SQLite doesn't have support for many data types, but in fact it just doesn't 
have many restrictions. It doesn't have data types but affinities.

When defining a column as "uniqueidentifier" in SQLite, it still stores the 
data as text. It would be the .NET provider's job to convert it back and forth 
to Guid.

Since it already detects those columns as Guid, and it can easily convert the 
data properly, there's no reason why it shouldn't work.

So I guess it's a bug that Guid columns as primary keys aren't working with 
System.Data.SQLite

Sure it can be worked around by replacing Guid with String everywhere in the 
code, but there's no reason why it shouldn't be working in the first place.


Etienne

From: mystery...@hotmail.com
To: sqlite-users at mailinglists.sqlite.org
Subject: RE: [sqlite] LINQ to SQLite Cannot Update: "Store update, insert, or 
delete statement affected an unexpected number of rows"
Date: Sat, 30 May 2015 10:45:36 -0600




Thanks!

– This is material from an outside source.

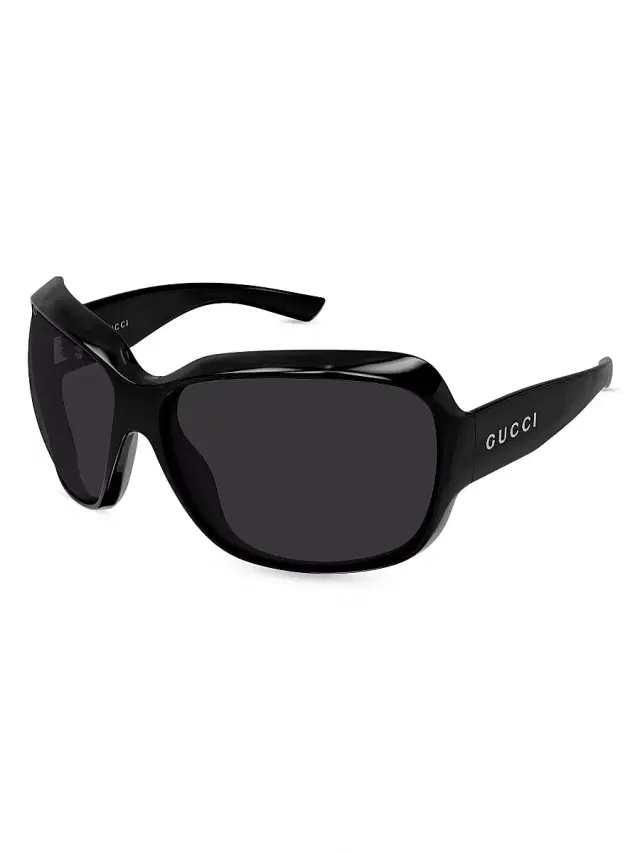 Gucci Women's Lettering 70MM Rectangular Sunglasses - Black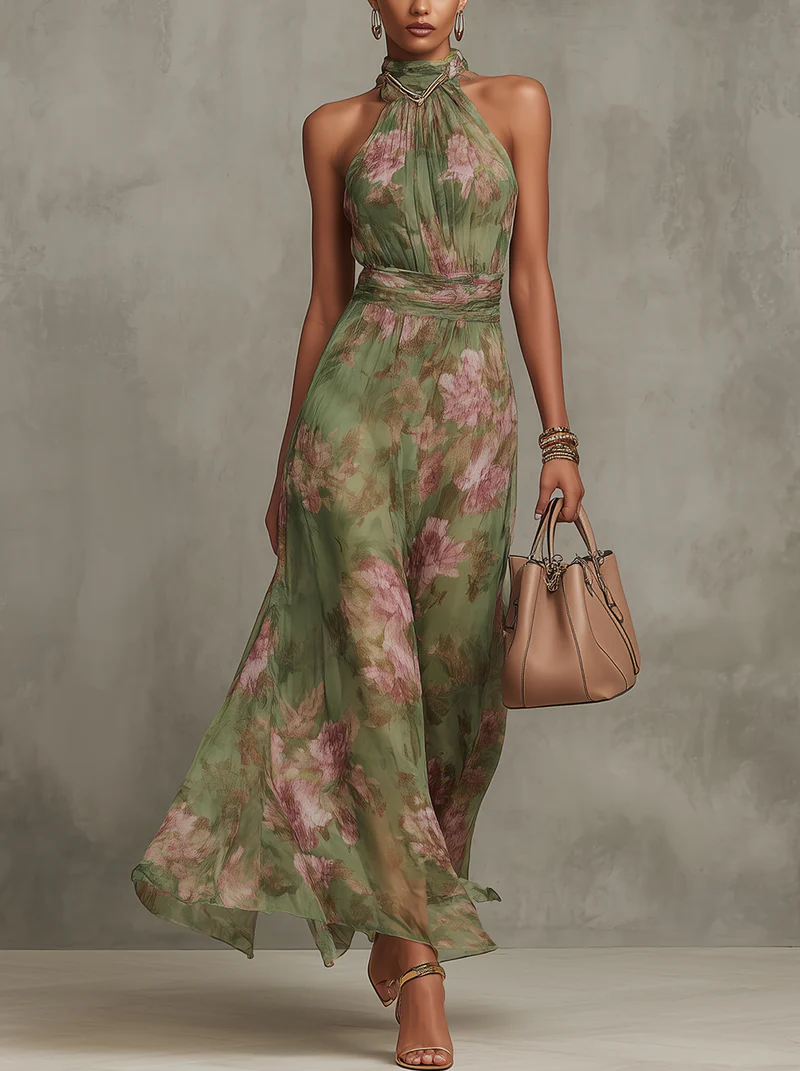 Livia | Robe longue à col licou, à motifs floraux, élégante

If I change the column type from UNIQUEIDENTIFIER to TEXT, it works. 
Only thing is, the code then maps to String instead of Guid. Is there any way 
to keep the .NET code working with Guid classes?

I'm also seeing that BIT data type isn't supported and should be replaced by 
INT. However, leaving the data type as BIT does get mapped as Boolean and it 
still works even though it shouldn't. Any side-effect that could result from 
this? If it works it works...

Then Single data types have to be replaced by Double, which is no big deal.